Majority of Europe’s child abuse material is on Dutch servers

More than 60% of child pornography in Europe is hosted on Dutch servers, new research has found.
The Netherlands’ high-quality digital infrastructure and reliable electricity networks has made it an attractive base for producers of online material, including images and videos of child sexual abuse, children’s rights charity Terre des Hommes said.
The organisation has called on political parties to commit to strengthening the regulation of what it calls an “online Wild West” to crack down on abusive content.
The Netherlands accounts for 30% of all abusive videos, photos and digital media featuring children produced in the world, the research team based at Edinburgh University found. The researchers use the term Child Sexual Abuse Material (CSAM) to emphasise the fact that the victims cannot consent.
“In public we accept that we have to stop for a red traffic light,” Terre des Hommes spokesman Sven Stijnman told NRC. “We need those kind of rules online as well.
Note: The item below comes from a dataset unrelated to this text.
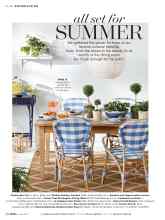 Better Homes & Gardens June 2018 Magazine Article: All set for SUMMER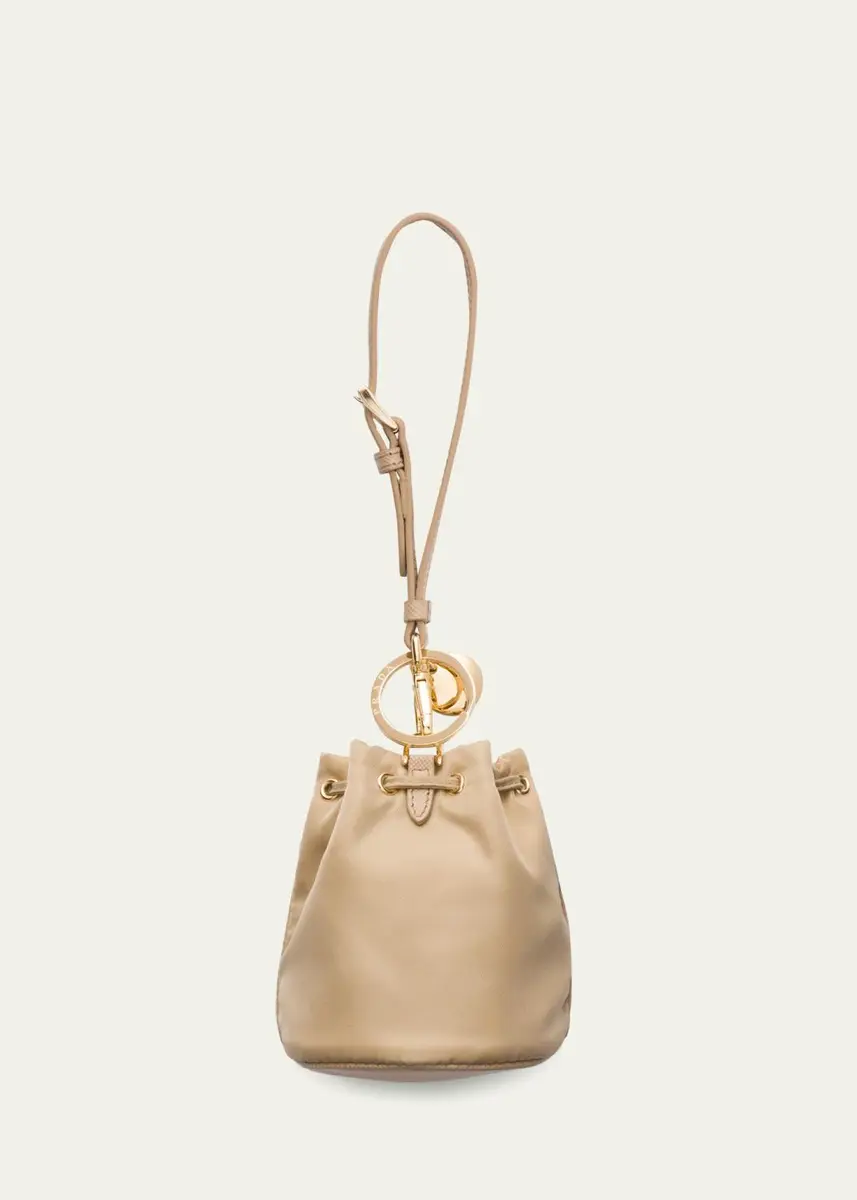 Prada Re-Edition 1978 Re-Nylon Keychain Pouch | Thumbnail 2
“It’s not just about storage: it’s being made here as well. We’ll never be able to prevent it completely, but we can do our best to minimise it. That’s what politicians should be talking about.”
Online safety
Several parties mention preventing sexual assault in their manifestos, but mainly in the context of making the streets safer for women, in some Stijnman pointed out.
“Just as people on the marches are saying ‘the night is for me’, I think it’s important for young people and children to say: ‘The internet is for me’,” he said.
In the last week police in Zuid-Holland have seized servers containing suspected child pornography from the homes of nine people across the province.
The investigation was based on reports from cloud servers and social media sites. Police are also trying to identify the victims that appear in the images.
The suspects are aged between 21 and 62 and live in Rotterdam, Barendrecht, Dordrecht and Capelle aan den IJssel.
“By effectively acting on these investigations the police and the public prosecution service want to keep sending out the message that downloading and possessing child pornography will not go unpunished,” Dennis Sneeuw of Rotterdam’s specialist police team for child pornography and sex tourism offences said.